Neulich fuhr ich an einem Ultra Cycling Rennen in der Steinwüste im Süden Spaniens. Mir gefallen diese kargen Landschaften! Bei so einem Rennen fährt die «Unbekannte» immer mit, und das macht es irgendwie auch aus. Ich mag auch die Kontraste bei solchen Rennen oder beim Bikepacking ganz allgemein. An einem Tag schläft man unter der Brücke und am nächsten in einem Fünfstern Hotel. Ein Bett, eine Dusche und die Möglichkeit, die Velohosen zu waschen, sind sehr angenehm, aber ich mag auch das Extreme, das Einfache.
Mein grosser Traum wäre, einmal am Silk Road Mountain Race teilzunehmen. Dieses Ultracycling Race gilt als eines der härtesten der Welt.
Land und Leute hautnah
Ist man mit dem Velo unterwegs, kommt man viel mit Land und Leuten in Berührung. Man kann anhalten, wo man möchte, etwas anzuschauen und Kontakte knüpfen. Einmal war ich in Neuseeland auf einer Tandemtour. Wir fuhren durch eine Region fern der Zivilisation, die nicht so viele Unterkünfte hat. Wir machten auf einer Beerenfarm Halt, um einen Kaffee zu trinken. Spontan stellte uns der Farmer sein Ferienhaus zum Schlafen zur Verfügung.
Es sind oft Momente auf Reisen, wie Regen oder ein platter Reifen, die mühsam sind. Doch meist sind dies die intensivsten Momente und Erinnerungen, die bleiben. Das macht den Reiz aus. Nicht alles ist planbar. Das gefällt mir sehr.
Während meiner Trainings als Teenager war ich oft mit dem Bike alleine unterwegs. Ich mochte es, mit dem Velo so viele Dinge auf eigene Faust zu entdecken; ich war Nachmittage lang mit dem Velo im Wald unterwegs und verspürte meine Entdeckerlust. Später als Veloprofi kam mir diese etwas abhanden. Aber seit ich nicht mehr Profi bin, ist sie wieder zurück. Das freut mich sehr.
Ökosystem Velo
Ich fahre im Jahr ca. 20’000 Kilometer mit dem Velo, davon natürlich auch viele Kilometer im Alltag. Das sind Fahrten zum Bahnhof, dann mit dem Zug weiter nach Zürich, wo ich dann oft das Bikesharing nutze. Mir wurden zu viele Velos gestohlen. Somit verzichte ich darauf, ein Velo am Bahnhof abzustellen.
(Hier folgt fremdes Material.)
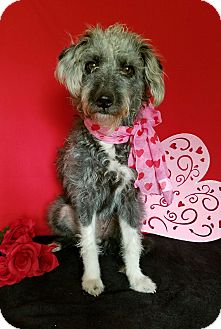 New York, NY - Schnauzer (Miniature)/Poodle (Miniature ...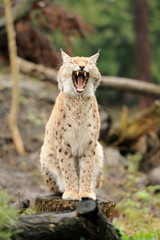 Young lynx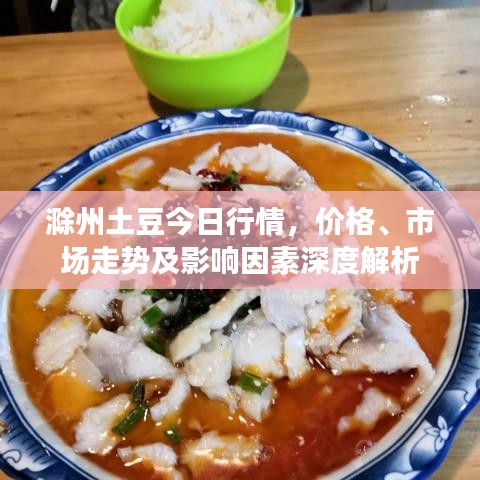 滁州土豆今日行情，价格、市场走势及影响因素深度解析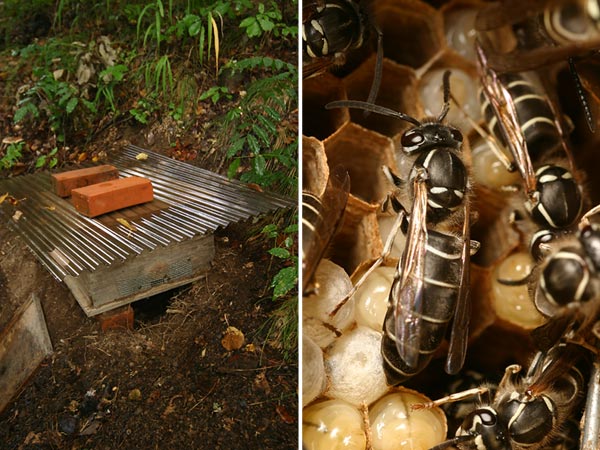 壊された巣のあとに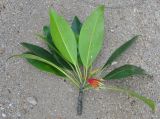 Bruguiera gymnorhiza. Побег цветущего дерева. Таиланд, национальный парк Си Пханг-нга. 20.06.2013.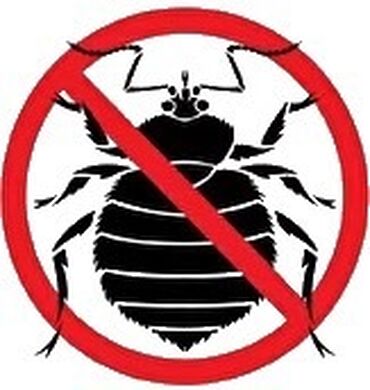 Дезинфекция, дезинсекция: Дезинфекция, дезинсекция, | Клопы, Блохи, Тараканы, | Транспорт, Офисы, Квартиры — 9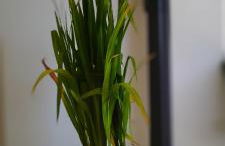 Mas en Provence - Photo 47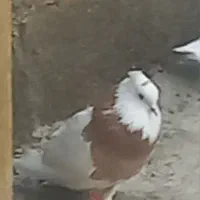 طوقی نر زرد|پرنده|اسدآباد, |دیوار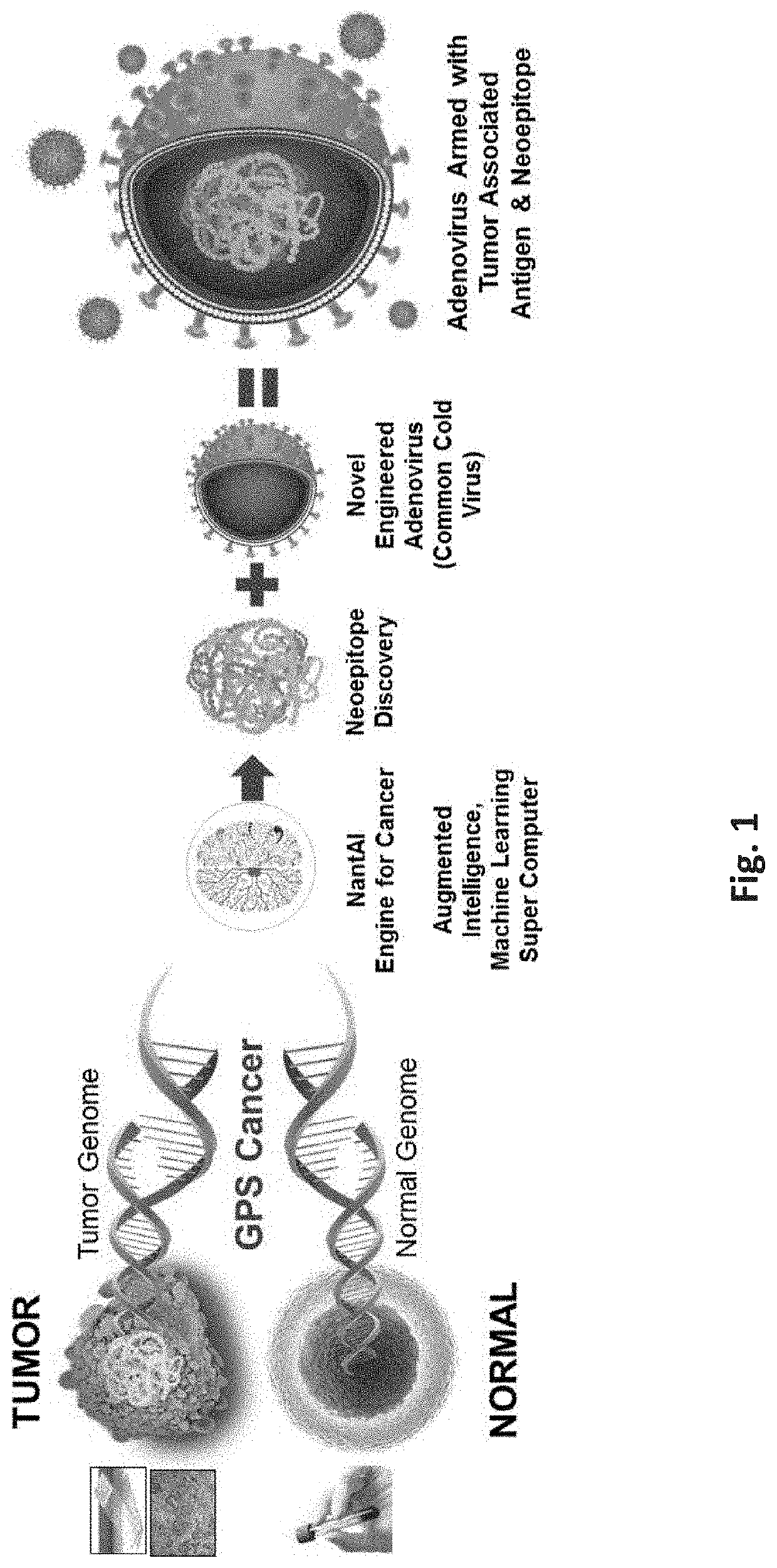Neoepitope vaccine and immune stimulant combinations and methods
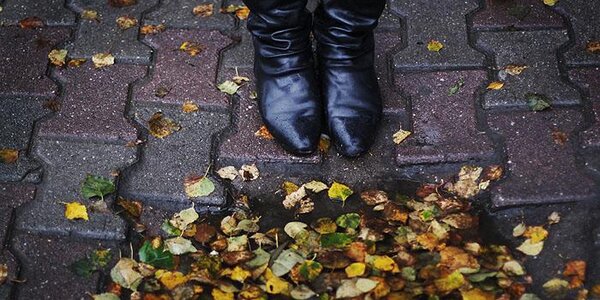 Небольшие и умеренные дожди пройдут в Приморье в середине следующей недели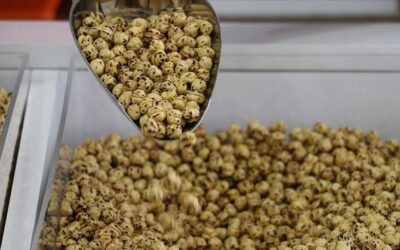 Nohutta üretim düştü leblebi fiyatı fırladı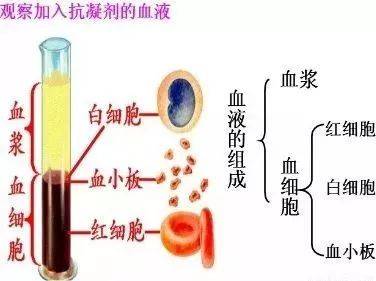 ivd检测项目使用全血,血清,血浆标本分类大汇总!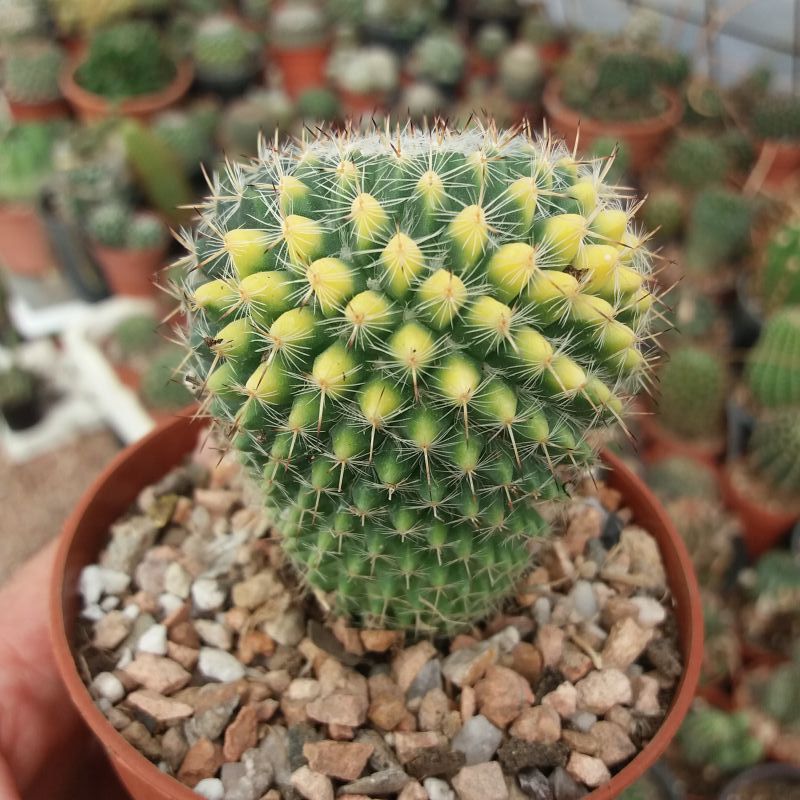 A photo of Mammillaria chionocephala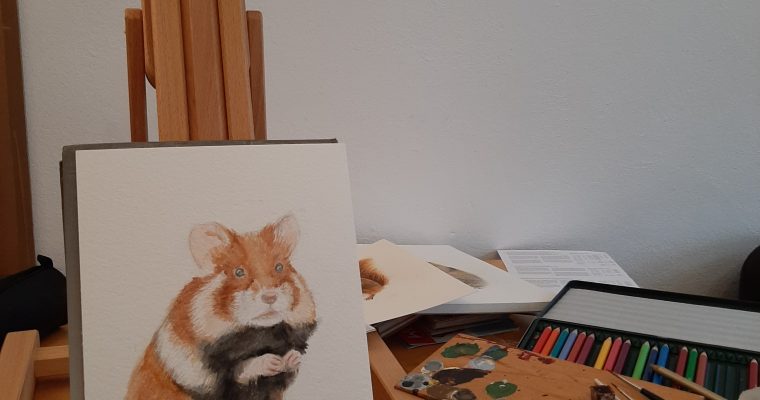 Hamsterzeichnung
Seit ich privat auch ein schnelles E-Bike besitze, hat sich mein Radius definitiv vergrössert. Damit erledige ich noch mehr mit dem Velo im Alltag. Menschen sind grundsätzlich etwas bequem. Sehr vieles ist Gewohnheit und Routine und deshalb sollte man genau dort ansetzen. Sobald es für die Menschen bequem wird, und mit bequem ist vor allem auch sicher gemeint, erhöht es die Wahrscheinlichkeit, dass die Menschen das Velo nutzen. Darum ist gute Velo-Infrastruktur so wichtig, damit Menschen sich sicher fühlen.
Meine Velo-Vision
Es gibt noch viele Ziele zu erreichen, wie die Förderung und Vernetzung rund ums Velo noch weiter auszubauen und neue Formate zu schaffen. Die Velomission hat erst gerade begonnen. Wir leben in Zeiten der Verkehrswende. Ein Umdenken findet statt und wir als «antritt»-Team möchten einen Beitrag zu dieser Bewegung leisten, inspirieren und vernetzen.

Persönlich brauche ich auch immer wieder neue Ziele, die mich motivieren und mir am Morgen helfen, aus dem Bett zu kommen. Rein sportlich gibt es noch richtig viel zu entdecken. Ich bin halt ein Velo-Chamäleon und bleibe vielseitig interessiert.